Prior to January 2017, the paragraph B criteria were (1) activities of daily living; (2) social functioning; (3) concentration, persistence, or pace; and (4) episodes of decompensation. See Charles M. v. Saul , No. 18 C 6949, 2020 U.S. Dist. LEXIS 6573, at *10 n.5 (N.D. Ill. Jan. 15, 2020). The new criteria, which the ALJ applied here, are (1) understanding, remembering, or applying information; (2) interacting with others; (3) concentrating, persisting, or maintaining pace; and (4) adapting or managing oneself. As I have previously indicated, "I see no indication that these changes impact the Seventh Circuit's CPP case-law." Miller v. Saul , No. 19-C-305, 2020 U.S. Dist. LEXIS 39491, at *19 n.1 (E.D. Wis. Mar. 4, 2020).
It appears that PA Ovadal filled out this questionnaire, not plaintiff. (Tr. at 514-15.)
To the extent she did not fully credit the psychological consultants, it appears the ALJ found plaintiff more limited than they had opined. (Tr. at 20.)
The ALJ also relied on Dr. Krawiec's report, but the Commissioner primarily relies on Palreddy's narrative explanation in responding to this argument. (Def.'s Br. at 10-11.)
Plaintiff notes Dr.
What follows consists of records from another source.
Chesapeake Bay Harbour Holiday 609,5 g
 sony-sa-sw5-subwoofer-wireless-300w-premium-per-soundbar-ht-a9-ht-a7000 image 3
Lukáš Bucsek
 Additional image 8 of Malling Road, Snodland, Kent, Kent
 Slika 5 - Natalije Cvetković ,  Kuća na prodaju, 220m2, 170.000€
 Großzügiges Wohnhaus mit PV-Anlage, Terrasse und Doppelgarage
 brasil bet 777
Krawiec's statements that he would not be suited to return to his past construction work, and that it "seemingly would not be a good idea" for plaintiff to work a job that "that required him being on his feet" because he "could possibly fall" during a seizure. (Tr. at 566; Pl.'s Br. at 17.) These statements were based on plaintiff's subjective reports, which the ALJ did not fully accept. Moreover, the agency tasked Dr. Krawiec with evaluating plaintiff's mental functioning, not his seizure disorder or exertional ability, and plaintiff develops no argument that the ALJ erred in considering Dr. Krawiec's report. Plaintiff contends that the record contains no support for medium work, as even the agency medical consultants limited him to light work. (Pl.'s Br. at 17-18.) In determining RFC, the ALJ considers the entire record and "is not required to rely entirely on a particular physician's opinion." Schmidt v. Astrue , 496 F.3d 833, 845 (7 Cir. 2007). Here, the ALJ explained that he gave only some weight to the medical consultants because their limitation to light work appeared to be based on plaintiff' right shoulder/arm problem, which had resolved by the time of the hearing. (Tr. at 19.) While it is true that no medical source affirmatively said plaintiff could perform medium work, that does not require remand. See Vang v. Saul , No. 19-1860, 2020 U.S. App. LEXIS 5342, at *8-9 (7 Cir. Feb. 21, 2020) (rejecting a similar argument).
Confusingly, this note also states that "witnessed events course is complicated by noncompliance possibly narcotic abuse, use of methamphetamines." (Tr. at 574.)